Video: BOS@CBJ, Gm4: Rask denies Jenner on penalty shot

The Blue Jackets hadn't allowed more than one power-play goal in any of their previous seven playoff games. They were 87.5 percent (14-for-16) on the penalty kill entering the game. They leave 81.8 percent (18-for-22).

Columbus hadn't been shorthanded as many as six times in a game since Oct. 13, the fifth game of the regular season, when it was on the penalty kill seven times in an 8-2 loss to the Tampa Bay Lightning.

It hadn't been shorthanded more than four times in the playoffs.

"I think that we kicked ourselves in the foot," right wing Cam Atkinson said. "It wasn't anything that they were doing. It was our problem."

The biggest problem is the penalties allowed the Bruins top forwards to spring to life after they were mostly dormant in the first three games. 

Patrice Bergeron scored both of Boston's power-play goals. David Pastrnak had an even-strength goal and an assist on Bergeron's second goal. Brad Marchand had an assist on Bergeron's first goal.

Those three forwards, Boston's top three scorers in the regular season, combined for one point, an even-strength goal off Pastrnak's skate in Game 3, and two shots on goal on the power play in the first three games.

"We've kind of prided ourselves on being disciplined and that's the most disappointing part," Tortorella said. "Their top guys score some goals on the power play. We gave them a chance to get going now by just sitting in the box too much. That's the hard part about this game."

Making it even harder is the Blue Jackets could have even gotten away with all the penalties if they had just capitalized on some more of their chances. They had enough, especially shorthanded.

Boone Jenner couldn't score on a shorthanded penalty shot he earned with a takeaway and a hard rush to the net that resulted in Marchand tripping him at 6:52 of the first period, when it was still 1-0 Boston.

Jenner had three more shorthanded scoring chances, and Zach Werenski and Nick Foligno each had one after the Bruins made it 2-0 on Bergeron's power-play goal at 7:18 of the first period.

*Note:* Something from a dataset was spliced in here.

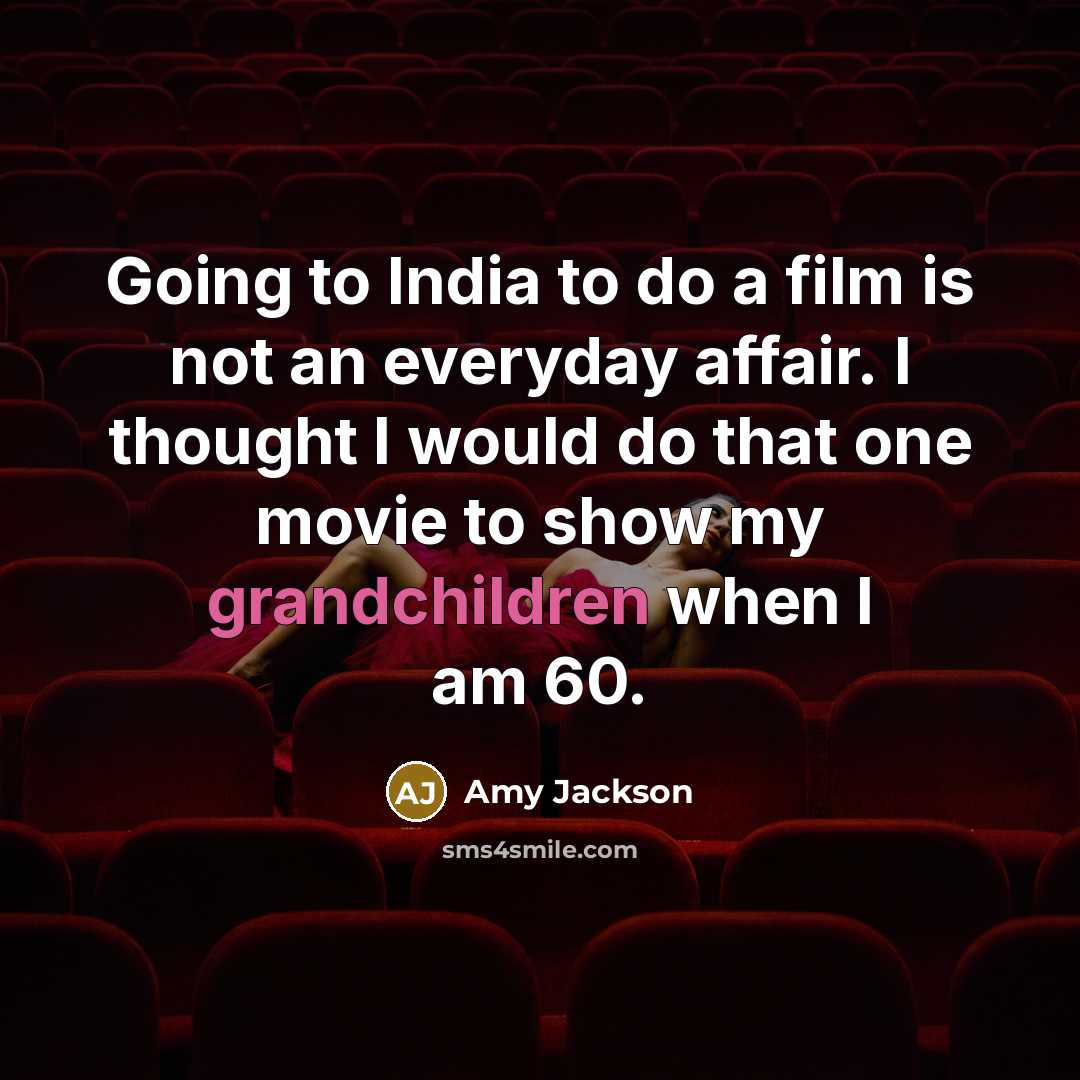 “Going to India to do a film is not an…” quote by Amy Jackson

Video: Bergeron scores twice as Bruins even series

Columbus had six shorthanded shots on goal.

"Well, we're not going to try to win hockey games by playing shorthanded," defenseman Seth Jones said.

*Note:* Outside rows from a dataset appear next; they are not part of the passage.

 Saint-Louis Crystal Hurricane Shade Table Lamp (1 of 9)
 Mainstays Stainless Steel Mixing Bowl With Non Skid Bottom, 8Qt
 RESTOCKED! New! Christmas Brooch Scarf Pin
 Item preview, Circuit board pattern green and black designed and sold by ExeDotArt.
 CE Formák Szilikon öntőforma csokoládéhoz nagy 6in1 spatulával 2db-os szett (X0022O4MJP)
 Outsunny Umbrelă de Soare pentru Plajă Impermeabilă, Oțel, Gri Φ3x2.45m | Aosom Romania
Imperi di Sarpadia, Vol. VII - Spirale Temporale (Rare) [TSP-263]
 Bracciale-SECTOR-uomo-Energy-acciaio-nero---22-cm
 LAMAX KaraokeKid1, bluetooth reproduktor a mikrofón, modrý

Then how about on the power play? They had plenty of chances there but Bruins goalie Tuukka Rask wouldn't let them. He was too good all night, with 39 saves. 

The Blue Jackets had nine shots on goal on their four power plays, including two on four attempts in a pressure-packed 62 seconds late in the first period, plus four on five attempts during a power play late in the third, after Sean Kuraly scored at 8:40 to make it 3-1.

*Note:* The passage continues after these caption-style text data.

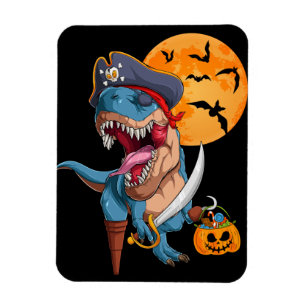 Magnet Flexible T-Rex Pirate Treat Halloween Dinosaur
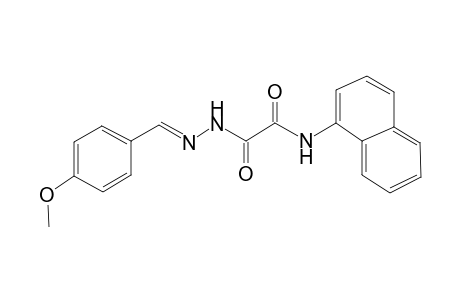 N'-[(E)-(4-methoxyphenyl)methyleneamino]-N-(1-naphthyl)oxamide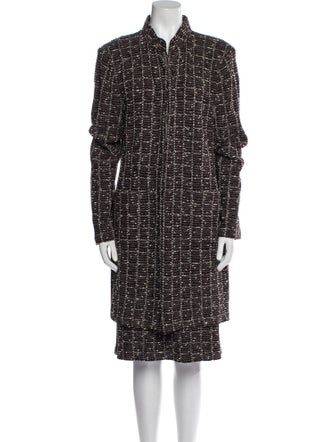 St. John Collection Wool Printed Skirt Suit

They were 0-for-4 after going a combined 3-for-7 in Games 2 and 3.

"I honestly think the tale of the tape is they scored more power-play goals than we did," Blue Jackets captain Nick Foligno said. "We both had chances. The last game we did, and they didn't. Tonight it's a different story. We knew special teams was going to be a big part of this, and it was. We just can't take that many penalties. It's not rocket science with what went on in the game."

The Blue Jackets also lamenting missed opportunities at 5-on-5.

There was Atkinson's chance on a redirect of Matt Duchene's terrific diagonal pass on the rush late in the first period. The puck darted off Atkinson's stick and went wide of the right post.

Jenner had a 2-on-1 with Josh Anderson early in the second period and couldn't get off a shot on goal. 

Pierre-Luc Dubois got all post on a shot off the rush midway through the second period. He nearly had a breakaway early in the third, but Bruins defenseman Brandon Carlo took it away with a terrific recovery, dive and stick-on-puck check.

Atkinson had another chance off the rush about a minute later, but Rask knocked aside his shot from the right circle.

"We had some good chances, we just didn't score," Tortorella said. "I thought when it was 2-1 we had more than a couple of chances to tie the game. Didn't. I thought Rask made some big saves at key times. 

"The most frustrating part for me is the penalties. Once we got going, then we'd take another."